Getting GPT-3 to predict Metaculus questions

Can GPT-3 predict real world events? To answer this question I had GPT-3 predict the likelihood for every binary question ever resolved on Metaculus.

Predicting whether an event is likely or unlikely to occur, often boils down to using common sense. It doesn’t take a genius to figure out that “Will the sun explode tomorrow?” should get a low probability. Not all questions are that easy, but for many questions common sense can bring us surprisingly far.

Experimental setup

Through their API I downloaded every binary question posed on Metaculus.
I then filtered them down to only the non-ambiguously resolved questions, resulting in this list of 788 questions.

For these questions the community’s Mean Squared Error was 0.19, a good deal better than random!

Prompt engineering

GPT’s performance is notoriously dependent on the prompt it is given.

  • I primarily measured the quality of prompts, on the percentage of legible predictions made.

  • Predictions were made using the most powerful DaVinci engine.

The best performing prompt was optimized for brevity and did not include the question’s full description.

A very knowledgable and epistemically modest analyst gives the following events a likelihood of occuring:

Event: Will the cost of sequencing a human genome fall below $500 by mid 2016?
Likelihood: 43%

Event: Will Russia invade Ukrainian territory in 2022?
Likelihood: 64%

Event: Will the US rejoin the Iran Nuclear Deal before 2023?
Likelihood: 55%

Event: <Question to be predicted>
Likelihood: <GPT-3 insertion>

I tried many variations, different introductions, different questions, different probabilities, including/​excluding question descriptions, etc.

Of the 786 questions, the best performing prompt made legible predictions for 770. For the remaining 16 questions GPT mostly just wrote “\n”.

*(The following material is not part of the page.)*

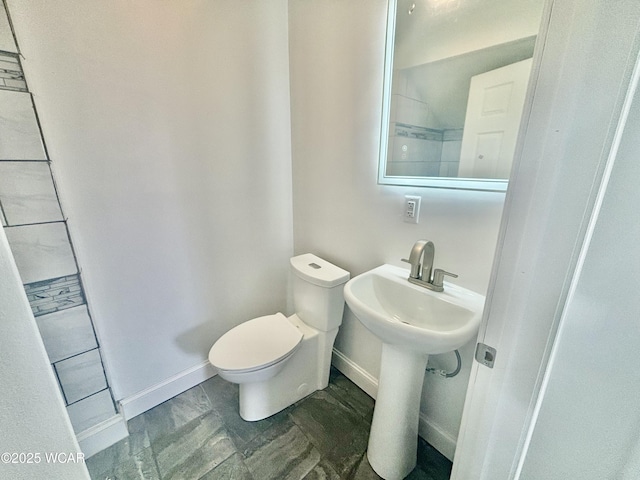 bathroom featuring toilet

If you want to try your own prompt or reproduce the results, the code to do so can be found in this Github repository.

Results

GPT-3′s MSE was 0.33, which is about what you’d expect if you were to guess completely at random. This was surprising to me! GPT Why isn’t GPT better?

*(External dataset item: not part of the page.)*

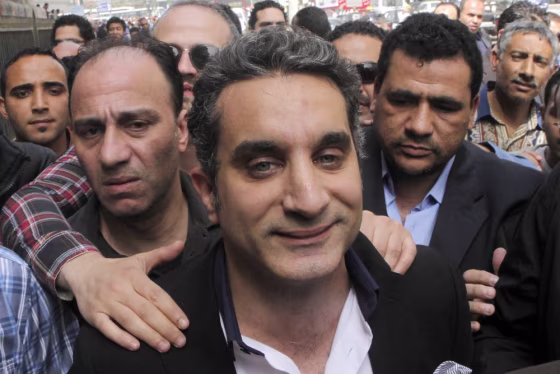 A bodyguard protects popular Egyptian television satirist Bassem Youssef, who has come to be known as Egypt's Jon Stewart.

Going into this, I was confident GPT would do better than random. After all many of the questions it was asked to predict, resolved before GPT-3 was even trained. There’s probably some of the questions it knows the answer to and still somehow gets wrong!

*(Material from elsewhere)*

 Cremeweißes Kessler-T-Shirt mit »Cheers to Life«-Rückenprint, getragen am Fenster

It seems to me that GPT-3 is struggling to translate beliefs into probabilities. Even if it understands that the sun exploding tomorrow is unlikely, it doesn’t know how to formulate that using numeric probabilities. I’m unsure if this is an inherent limitation of GPT-3 or whether its just the prompt that is confusing it.

I wonder if predicting using expressions such as “Likely” | “Uncertain” | “Unlikely”, and interpreting these as 75% | 50% | 25% respectively could produce results better than random, as GPT wouldn’t have to struggle with translating its beliefs into numeric probabilities. Unfortunately running GPT-3′s best engine on 800 questions would be yet another hour and $20 I’m reluctant to spend, so for now that will remain a mystery.

It may be that even oracle AI’s will be dangerous, fortunately GPT-3 is far from an oracle!